Assuming this example:
from sklearn import datasets
from sklearn.model_selection import cross_val_score, KFold
from keras.models import Sequential
from keras.layers import Dense
from keras.wrappers.scikit_learn import KerasRegressor
seed = 1
diabetes = datasets.load_diabetes()
X = diabetes.data[:150]
y = diabetes.target[:150]
def baseline_model():
model = Sequential()
model.add(Dense(10, input_dim=10, activation='relu'))
model.add(Dense(1))
model.compile(loss='mean_squared_error', optimizer='adam')
return model
estimator = KerasRegressor(build_fn=baseline_model, nb_epoch=100, batch_size=100, verbose=False)
kfold = KFold(n_splits=10, random_state=seed)
results = cross_val_score(estimator, X, y, cv=kfold)
print("Results: %.2f (%.2f) MSE" % (results.mean(), results.std()))
My understanding is that I only get the overall mse over each fold, so to say.
But I want to compare the train to validation mse over the epochs of the model for each fold, i.e. for 10 in this case.
When not using kfold, but simple train/validation split, then one can do:
hist = model.fit(X_tr, y_tr, validation_data=val_data,
epochs=100, batch_size=100,
verbose=1)
plt.plot(history.history['loss'])
plt.plot(history.history['loss'])
This would return a plot representing the evolution of the mse w.r.t. to the epochs for the train and validation datasets, allowing to spot over/underfitting.

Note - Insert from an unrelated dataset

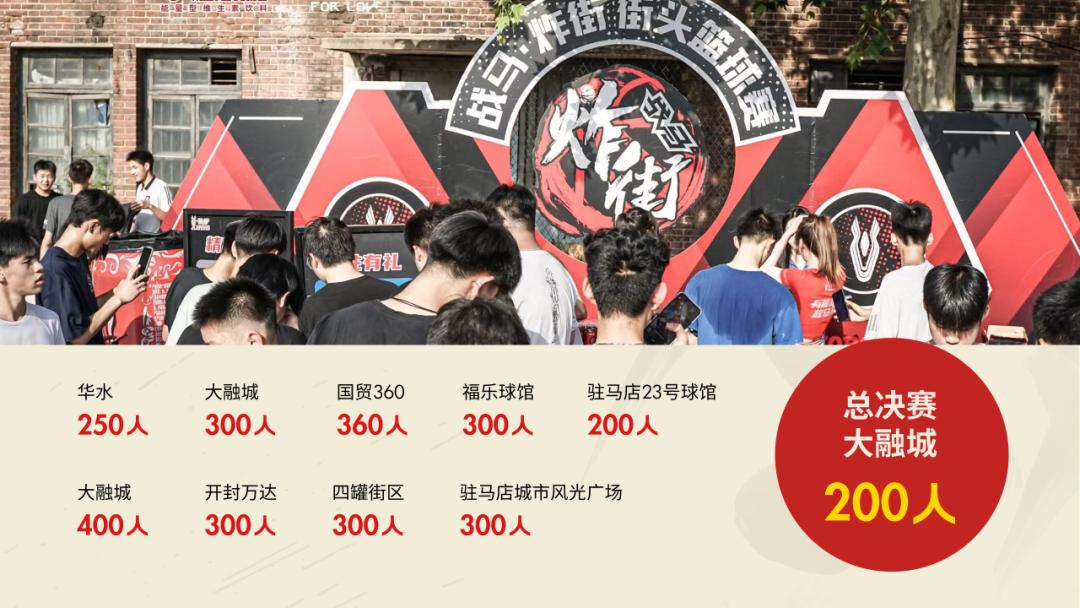 鍏充簬绡悆姣旇禌鐨勫姩鎬乸pt,绡悆姣旇禌鐨刾pt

How to do this for each fold when using cross validation?
You can go for a "manual" CV procedure, and plot the loss (or any other available metric you might want to use) for each fold, i.e. something like this:
from sklearn.metrics import mean_squared_error
cv_mse = []
for train_index, val_index in kfold.split(X):
history = estimator.fit(X[train_index], y[train_index])
pred = estimator.predict(X[val_index])
err = mean_squared_error(y[val_index], pred)
cv_mse.append(err)
plt.plot(history.history['loss'])
In which case, the cv_mse list will contain the final MSE for each fold, and you also get the respective plots for its evolution per epoch for each fold.